THERE aren’t many streets in George Town, Penang – with open drains being a common sight – that make you stop in your tracks and take a good strong whiff. Unless you happen to be walking along Stewart Lane. In the old days, 55 Stewart Lane was a coffee roasting shop, and the aroma of coffee beans roasted in butter and sugar would assail the nostrils of anyone ambling past the corner shophouse. Although times have changed and the original Kim Guan coffee factory is no longer there, the smell of roasted coffee continues to linger, and so too does the heritage that the row of shophouses on this street represents.
55 Stewart Lane is now a trendy coffeehouse called Kopi Cine, and is one of six shophouses on that street that have since been turned into the Straits Collection – one of two newly opened boutique hotel enclaves in Penang that includes accommodation, retail outlets and cafes.
That house number 55 still has a coffee connection is a deliberate move by hotelier and active conservationist Narelle McMurtrie. Formerly a restaurateur, she first made waves when she turned Malay kampong houses in Langkawi into chi-chi boutique hotels called Bon Ton more than 15 years ago. She is also the woman behind the now defunct Bon Ton restaurant in Kuala Lumpur – a fixture on the tourist itinerary for its decent Asian fare served in an elegant colonial bungalow.
While conservation has always been her passion, Ms McMurtrie never really intended it to be a life-long goal. ‘None of this was planned … it kind of just happened,’ she says when trying to explain how she got involved in the Straits Collection project in Penang. She used to have a nonya house in Malacca, but as she wasn’t using it much, she sold it and bought a property in George Town four years ago, she recounts. Then, four shophouses in Armenian Street came up for sale – one of the enclaves with the highest heritage quotas in Penang, with its numerous old Chinese clan houses. She snapped them up.

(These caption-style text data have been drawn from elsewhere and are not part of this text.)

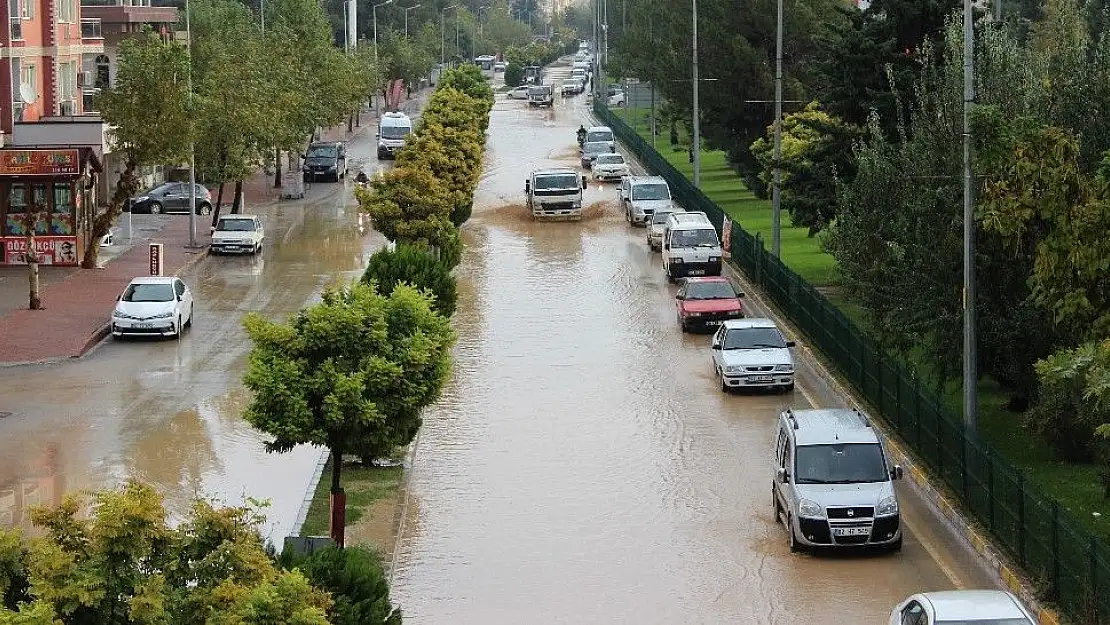 'Adıyaman´da şiddetli yağmur etkisini sürdürüyor'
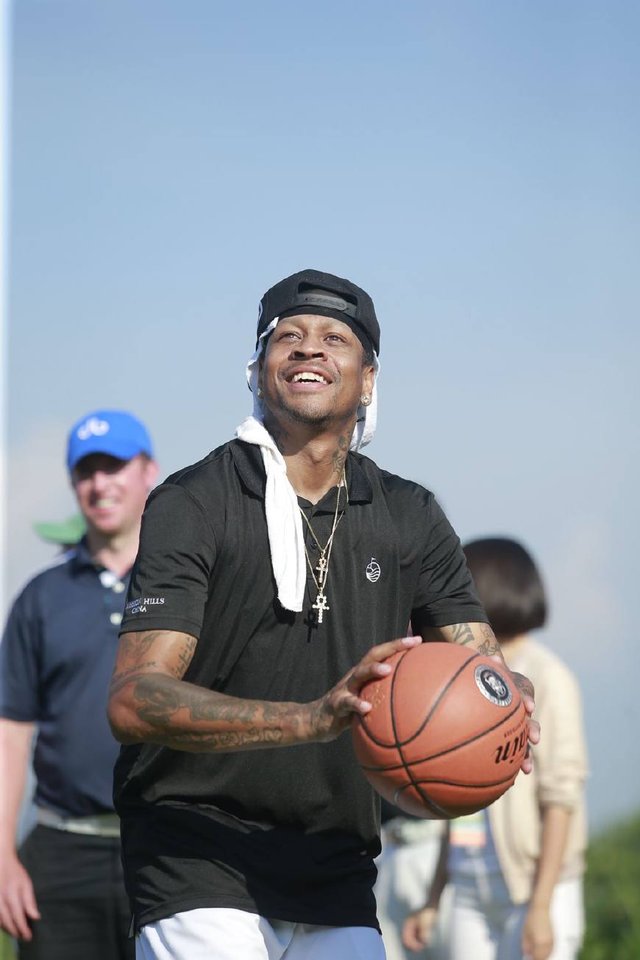 媒体人：某直播平台获得新赛季CBA版权，将直播部分场次（据媒体人消息，某直播平台已获得新赛季CBA版权，将直播部分比赛）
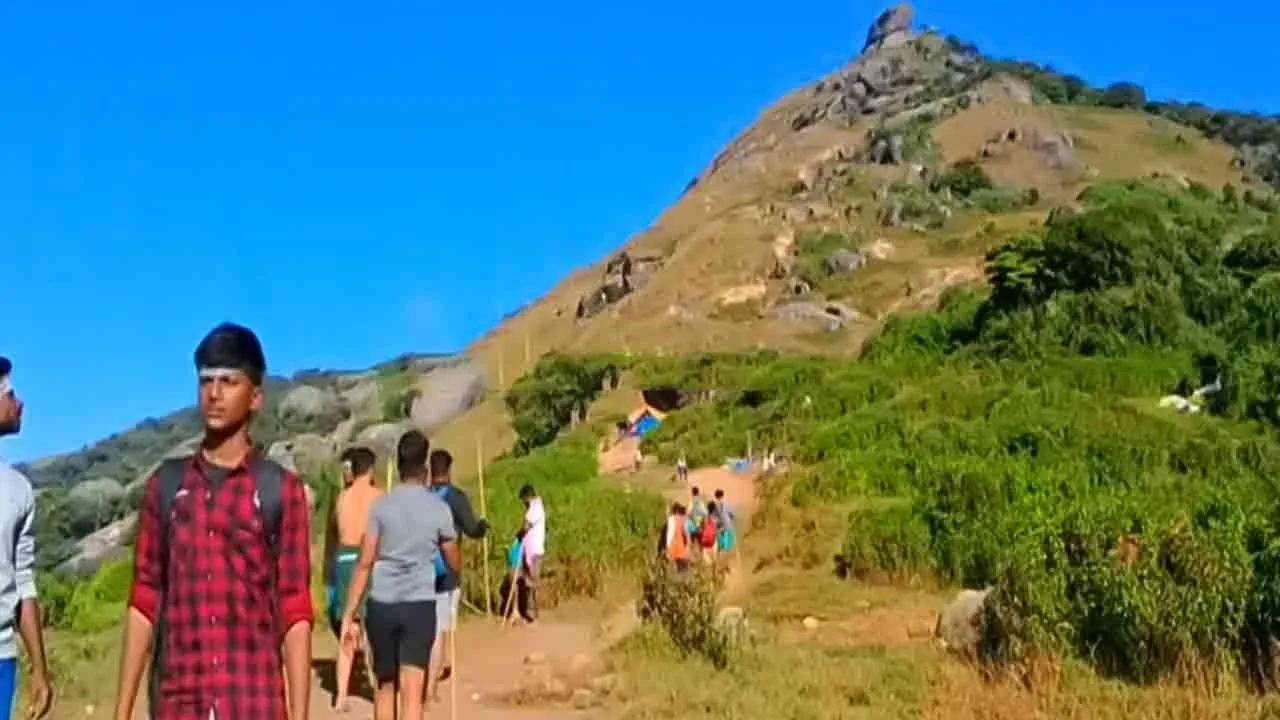  kovai Photograph: (vellingiri) 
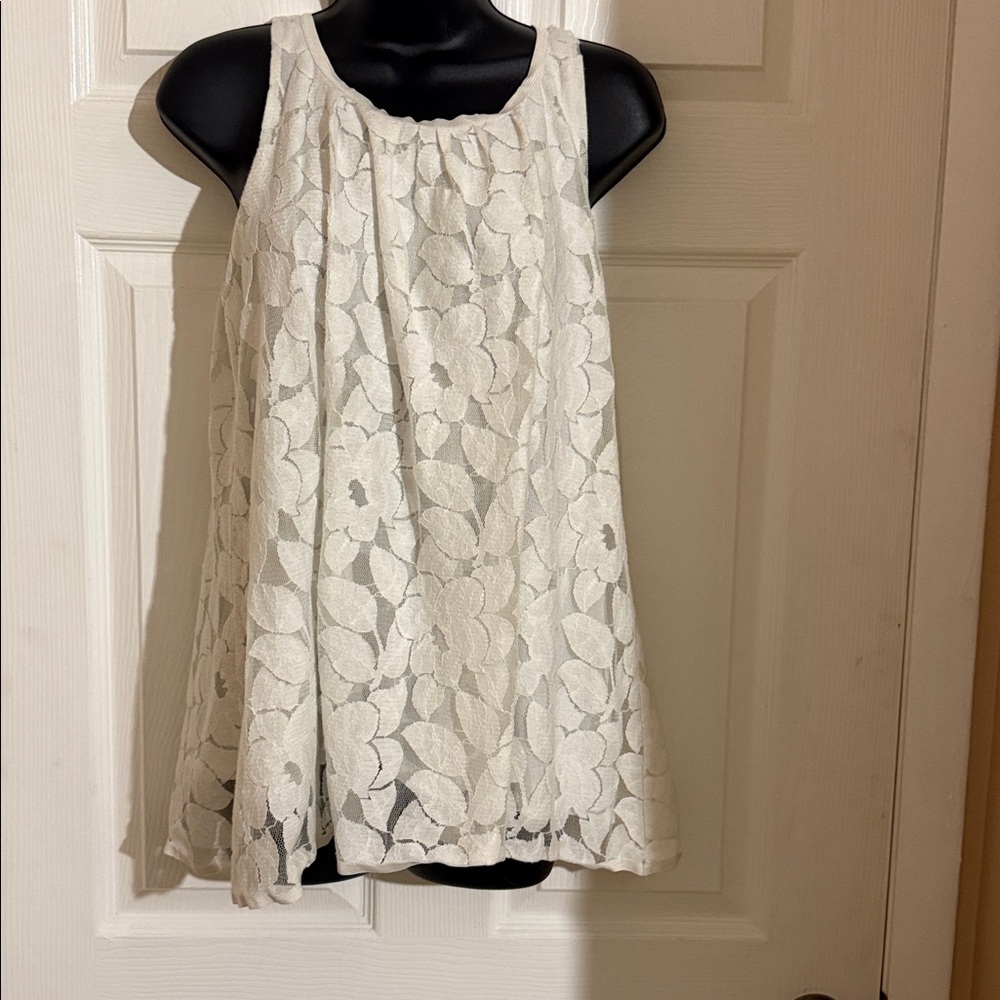Cream Floral Lace Sleeveless Top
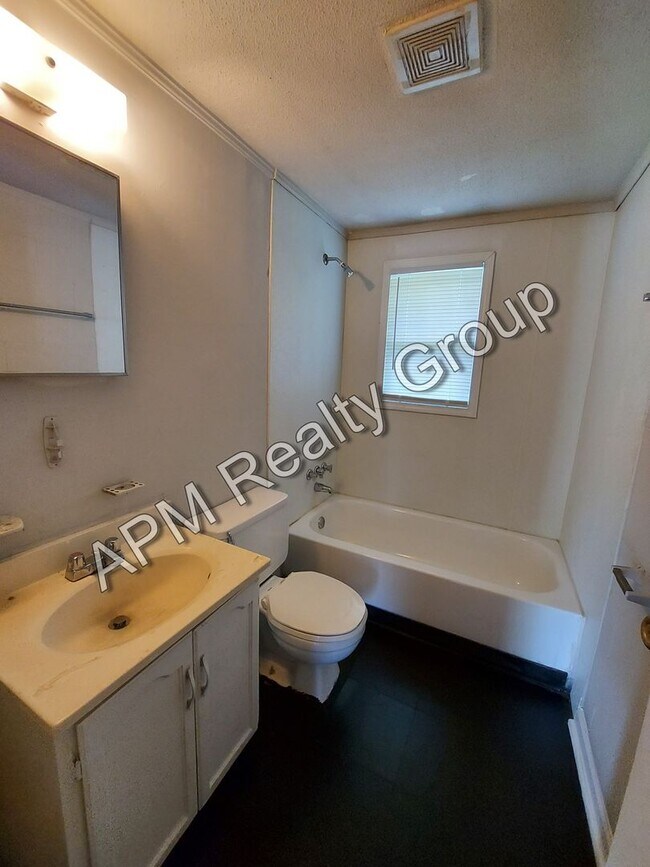 Building Photo - 2710-A Howell Ct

Later, another six on Stewart Lane, also known as ‘Ai Cheng Hang’ or ‘lover’s lane’ in Penang Hokkien, also became available. The two sets of properties are just a five-minute walk from each other and all are typical Chinese shophouses, built in the 1920s. ‘I knew I wanted to do accommodation of some sort, but I wasn’t sure yet how to work within the confines of the heritage guidelines and so on,’ she explains.
In the end, she spent about RM3.5 million on the Straits Collection – buying and converting the houses into 10 boutique residences (with one or two stylishly appointed rooms each), a reading room, two cafes and a retail shop. ‘That’s why it’s called the collection,’ she adds. Besides Kopi Cine, which blends old style Penang coffee with Italian brewing methods, there is also China Joe’s tea salon on Armenian Street, which combines a retail store selling Chinese bric-a-brac with a soon-to-be-opened tea shop.
Ms McMurtrie took the hands-on approach and did her own project management – from the plumbing to picking out the cushion covers. The shophouses were renovated but retain as much of the original look as possible. The result: spaces that look appealingly comfortable, with both antique-looking and contemporary Asian furniture, colourful carpets, mood lighting and modern ceramic ware. The style is modern Asian, and very much in the same vein as Bon Ton and Temple Tree – the latter being an amazing project of dismantling heritage houses throughout Malaysia and re-installing them in one large garden in Langkawi.
You’d think she traipses around the region for the furnishings, but she sources them all from one city: Kuala Lumpur. ‘I get them from a few stores in KL, and when guests ask, we give them our list. Just like we give guests recommendations on where to eat and shop in Langkawi. We’re quite open about these things,’ she says.
Ask her if she thinks of herself as a hotelier, and Ms McMurtrie isn’t too comfortable with the term yet. ‘I think that what we have are restaurants with rooms … people still know us as a restaurant,’ she states. ‘In fact, I started in retail at first, with a take-away deli, so I’ve always done food and retail,’ she explains. Bon Ton the restaurant first opened in Kuala Lumpur more than 20 years ago, before the one in Langkawi in 1994. The resort in Langkawi came later.
With her unique properties, and also the unusual way she runs the hotels (guests can rent the Armenian Street houses for long-term stays), Ms McMurtrie is defining the heritage boutique hotel trend in Malaysia. And there’s even a cause behind her business – which is to support her animal shelters. Next up is a shelter in Penang, like the one in Langkawi, declares the animal lover.
Does she have plans to open similar properties in Malacca and Singapore – to make it a real ‘Straits’ collection? ‘Not yet!’ she exclaims. Not when business is just brewing in Penang, one supposes, and she has to make sure she gets the blend and balance just right.